本書は、幼少時代の安藤さんをかたちづくった、家族や商店街の人たちについて綴られたエッセイです。
とにかく、登場する人たちみんな“キャラが濃い”!
困った部分や切なくなってしまう部分もありつつ、それでもどこか憎めず、つい笑ってしまうのは、著者である安藤さんの愛情が根底にあるからだろうなと思います。
お気に入りのエピソードはたくさんあるのですが、なかでも大好きなのが、安藤さんのおばあ様がご自身の米寿のお祝いで、自分のお金で家族をハワイに連れていったというお話。憧れる!

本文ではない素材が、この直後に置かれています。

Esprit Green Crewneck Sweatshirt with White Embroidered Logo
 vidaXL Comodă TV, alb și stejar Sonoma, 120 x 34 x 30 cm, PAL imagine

舞台となった東京荒川区「尾久」の商店街にも、近いうちにぜひ出かけてみたいと思います。
小さな世界を振り返ると
子どものころは、小さな商店街が世界のすべてだった。
そう語る安藤さんの“小さな世界”の描写によって、尾久の商店街だけでなく、自分自身の「かつての小さな世界」も思い出しました。
「この叔母さんは、自分にとってはあの人かな」などと考えるのは、懐かしくもあり、どこか痛みを伴うことも。
安藤さんご自身も、きっとそんな複雑な思いを抱えながら書いているのだろうな、と感じさせられる箇所もありました。
それでも、チクリとした痛みや切なさを含みつつ、面白くて、いとおしい。
改めてぴったりだなと思った公式の宣伝文を引用して、本日はここまで。
なつかしくて、おかしくて、バカバカしいのに、涙が出ちゃう。そんなノスタルジックな感情を呼び起こす名エッセイ。